Green Forest Churrascaria
655 Rodi Road, Penn Hills
412-371-5560 or www.greenforestcafe.com
Green Forest Churrascaria isn't the type of place you go for just a meal -- for the past 11 years, it's been a place you go for an experience.
And it's a particularly awesome experience if you are a carnivore. As a Brazilian house of barbecue, Green Forest offers 16 varieties of pork, chicken, lamb and beef. The meat menu ranges from bacon-wrapped chicken and Brazilian sausages to Parmesan-crusted filet mignon and lamb chops.
Butchered daily by the Green Forest chefs, the meat is barbecued in an open stone pit over wooden charcoal. Sword-like skewers rotate over the blazing red coals, and a light, charcoal fragrance hangs pleasantly in the restaurant.
Little is done to the meat before cooking: It's salted, and in some cases garlic or Parmesan cheese is added, and then it hits the barbecue. "This makes the meat more flavorful," says owner Flavia Naccarato, who has run the restaurant for the past five years along with her husband and chef, Oswaldo Fortini. (The couple worked at the restaurant before buying it from the previous owners.) "And everything here is fresh."
Knowledgeable "meat runners" carve the meat tableside, using a style called rodizio. And the diners control the experience, using a green-and-red wooden spool. Display the spool with green side up, and the runners will keep bringing meat. Put the red side up, and you can take a break. The attentive staff offers tours of the restaurant and barbecue pit, and kindly translates a photo in the back of the restaurant which shows the various cuts of beef labeled in Portuguese.
Though Green Forest is a carnivore's paradise, there's plenty other fare available, much of which is displayed in a traditional Brazilian a la carte buffet. Even people who don't care for meat have options.
Dishes like Brazilian rice-and-black-beans and Chilean sea bass, are available at the hot bar. A cold bar contains even more: crab legs, oysters, mussels, sushi, mozzarella and tomato salad, asparagus, and other sides. There is also a selection of cheeses, bread and cured meats like prosciutto and salami.
"We want to put out a variety," Naccarato says, so "everyone will be happy."
Well, almost everyone: While fish-lovers have options, Naccarato admits, "If you only eat greens, I'll be the first to tell you, 'You're going to hate me.'"
For the meat-eaters, Naccarato's hope is that everyone tastes at least one sample of all of the meats available. That's why the runners deliberately serve small portions. But you can request (or decline) anything you want, as many times as you want.
Which is the idea Naccarato and Fortini want diners to embrace: There's no fixed way to enjoy Green Forest. Meals can take as little or as much time as the diner wants.
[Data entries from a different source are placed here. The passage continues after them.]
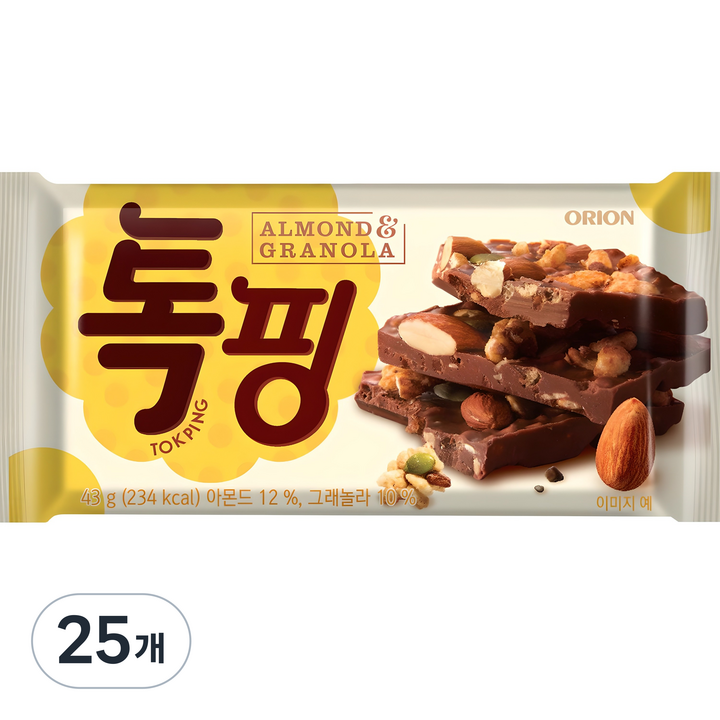 오리온 톡핑 아몬드 & 그래놀라, 43g, 25개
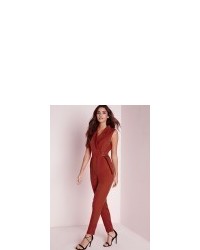 Missguided Sleeveless D Ring Wrap Jumpsuit Red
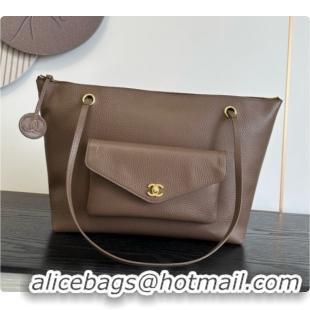 Duplicate Chanel Tote Bag with Pocket in Grained Calfskin AS6483 Khaki 2026
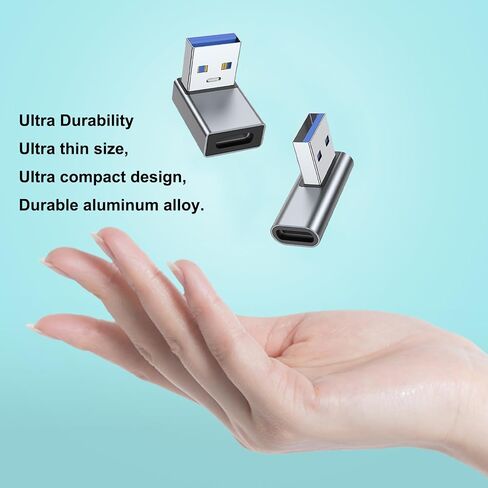 AreMe 90 Degree USB to USB C Adapter 4 Pack, Up and Down Angle, Left and Right Angle Type C Female to A Male Converter Extender for PC, Laptop, USB A Charger, Power Bank and More (Black) in Saudi Arabia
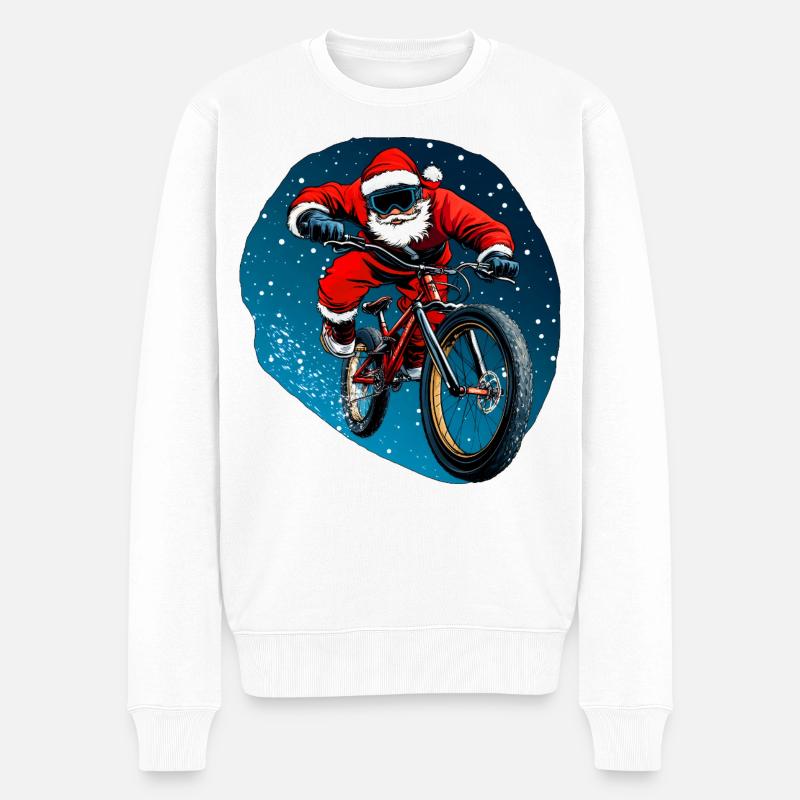Downhiller Weihnachtsmann - Männer Premium Bio Pullover - Weiß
On a recent visit by City Paper, for example, the meal took three hours.
Most of the luscious desserts are made on-site, like the tart, flavorful, mousse-like passion-fruit sorbet and the caramel flan. The BYOB restaurant has fixed-price meals that come with appetizers of fried bananas, fried yucca (a potato-like root) and cheese-bread. (Drinks and dessert are not included in the price.)
Naccarato wants diners to enjoy not just the quantity of the food, but its also quality -- and the Brazilian culinary tradition it represents. Most of all, she says, "I want you to leave my place happy."